这个地方最终return的是scrapyd/app.py的Application；这才是Scrapyd的核心实现：

from twisted.application.service import Application
from twisted.application.internet import TimerService, TCPServer
from twisted.web import server
from twisted.python import log

from scrapy.utils.misc import load_object

from .interfaces import IEggStorage, IPoller, ISpiderScheduler, IEnvironment
from .eggstorage import FilesystemEggStorage
from .scheduler import SpiderScheduler
from .poller import QueuePoller
from .environ import Environment
from .config import Config

def application(config):
    app = Application("Scrapyd")
    # 监听端口
    http_port = config.getint('http_port', 6800)
    # 绑定IP地址
    bind_address = config.get('bind_address', '127.0.0.1')
    # TimerService的轮询间隔
    poll_interval = config.getfloat('poll_interval', 5)

    # 队列 -- 每个project一个队列
    poller = QueuePoller(config)
    # 打包 & 部署后的egg路径
    eggstorage = FilesystemEggStorage(config)
    # 调度器
    scheduler = SpiderScheduler(config)
    # 环境变量
    environment = Environment(config)

    # Application是Componentized mixin，可以set很多组件
    app.setComponent(IPoller, poller)
    app.setComponent(IEggStorage, eggstorage)
    app.setComponent(ISpiderScheduler, scheduler)
    app.setComponent(IEnvironment, environment)
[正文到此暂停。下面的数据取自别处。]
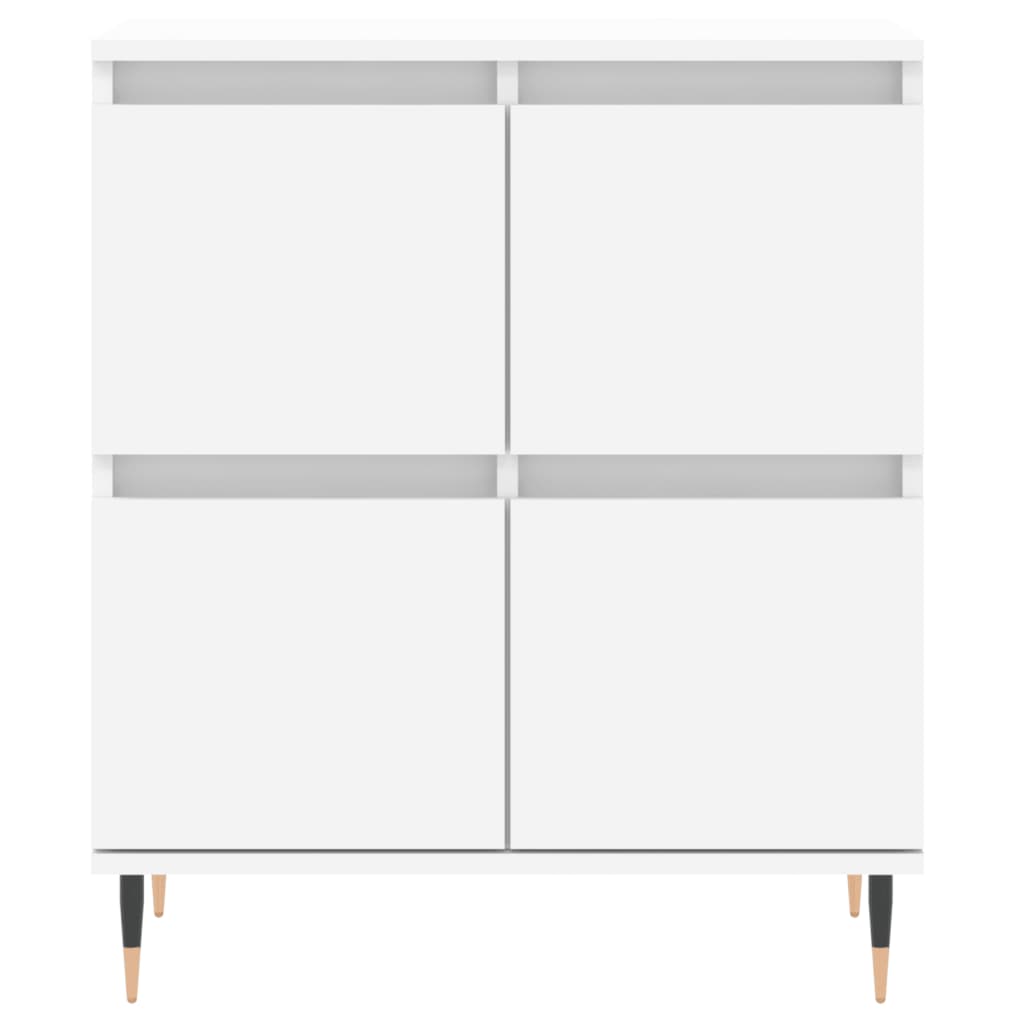 Sideboards 3 pcs White Engineered Wood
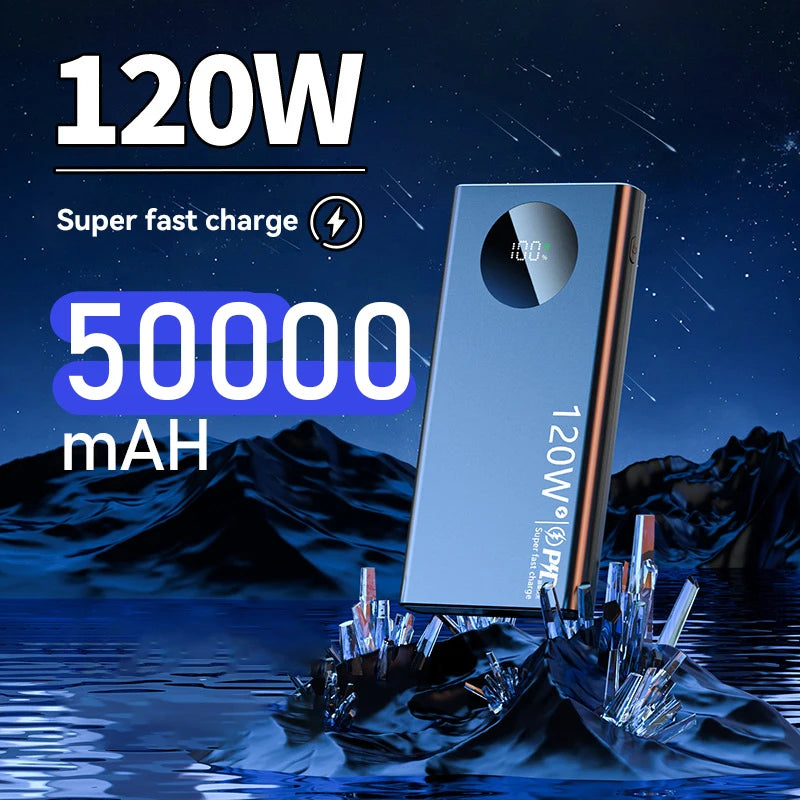 High-Capacity Travel Power Bank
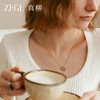 ZEGL幸运四叶草项链女金色秋冬虎眼石锁骨链气质时尚颈链吊坠饰品 商品缩略图1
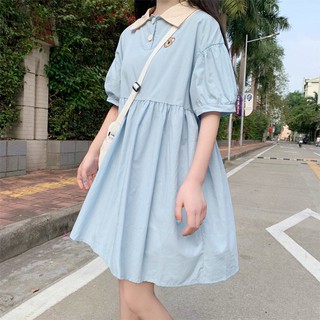 🔥Hot sale！ ฤดูร้อนสไตล์ใหม่สไตล์วิทยาลัยหวานญี่ปุ่นชุดนักเรียนหญิงแขนสั้นกระโปรงทรงเอยาวปานกลาง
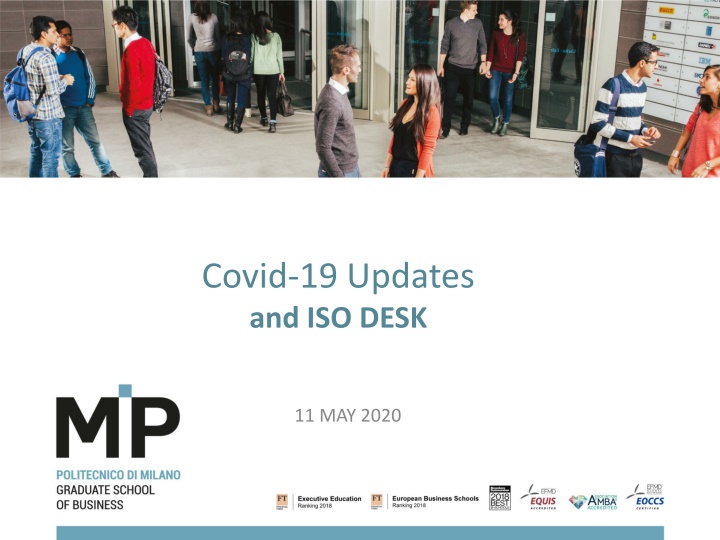 COVID-19 Updates and ISO Desk Information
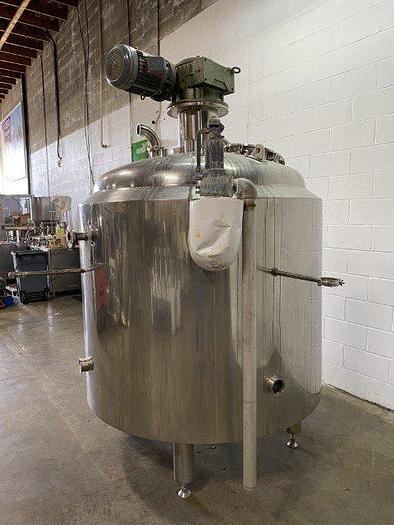 Used 600 Gallon Jacketed Mix Tank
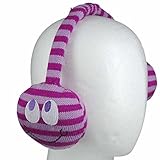 ガールズイヤーマフラー[Pianissimo]女の子|子供|女児 Freeサイズ スネーク-パープル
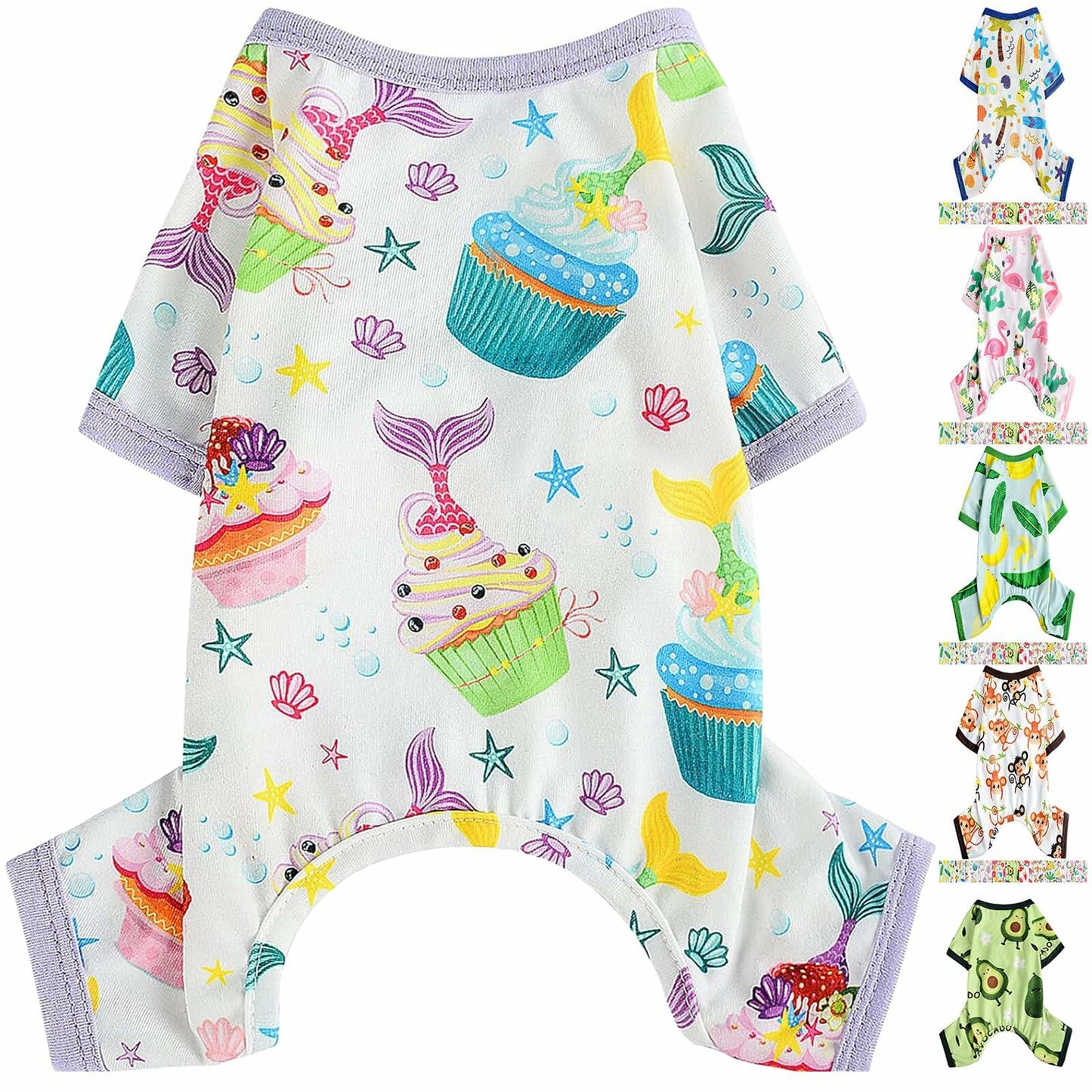 Dog Pajamas Small Chihuahua Yorkie Teacup Puppy Soft Pet Clothes Size S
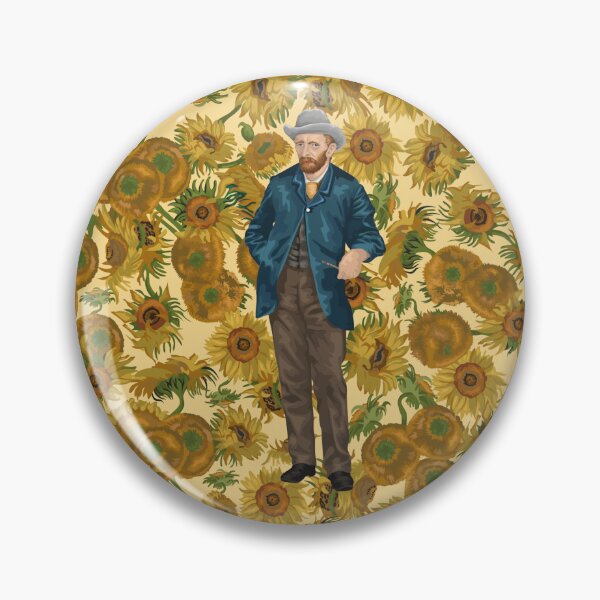 Item preview, Vincent Van Gogh In Sunflowers Pattern designed and sold by Annalisa-Jones.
    # launcher 具体启停Spider等，执行相应的命令
    laupath = config.get('launcher', 'scrapyd.launcher.Launcher')
    laucls = load_object(laupath)
    launcher = laucls(config, app)

    webpath = config.get('webroot', 'scrapyd.website.Root')
    webcls = load_object(webpath)

    # 每5秒钟 从队列虫取出已经schedule到队列中的Spider执行
    timer = TimerService(poll_interval, poller.poll)
    # web服务，接收web请求，包括查看log，启动Spider，列出所有project等等。。。
    webservice = TCPServer(http_port, server.Site(webcls(config, app)), interface=bind_address)
    log.msg(format="Scrapyd web console available at http://%(bind_address)s:%(http_port)s/",
            bind_address=bind_address, http_port=http_port)

    # 这里是重点了，setServiceParent将app设置为自身的parent，同时会调用自身的startService()方法（因为launcher、timer、webservice都是IService的），这样每个Service都启动了。
    # 这个地方纠结的两天。。。
    launcher.setServiceParent(app)
    timer.setServiceParent(app)
    webservice.setServiceParent(app)

    return app

Scrapyd的核心实现

主要包括以3个主要服务：

Launcher
- 主要功能是执行调度任务，从Poller中获取已经调度的任务并执行
TCPServer
- 主要提供Web服务，通过Http接收请求。包括Job、Schedule、Logs等等
TimerService
- 周期执行（5s），主要功能是从Web Server接收的调度任务中，每次每个project调度一个任务给Launcher执行

以及下面两个辅助的数据结构：

Poller
- 对队列使用的一层抽象
SqliteSpiderQueue
- 使用Sqlite作为队列底层存储的抽象

Scrapyd流程

为了方便理解，看代码理解的时候总结了一张思维导图，如导图中所描述的，这样Scrapyd的三个核心服务，组成一个任务环，中间通过Poller和SqliteSpiderQueue两个辅助数据结构，实现类似生产者消费者模式。

这就是Scrapyd的核心实现，实现简单日志监控、任务调度、项目发布等基本功能接口。解决了Scrapy使用过程中的部分痛点。
由于Scrapyd使用还是面向程序员，管理控制台比较简陋且功能不完善，所以才有Gerapy出现了，可以在管理控制台上实现项目发布、启动Spider等等。但Gerapy做的也不太完善，比如周期性调度Spider等没有实现，可能在开发中。。。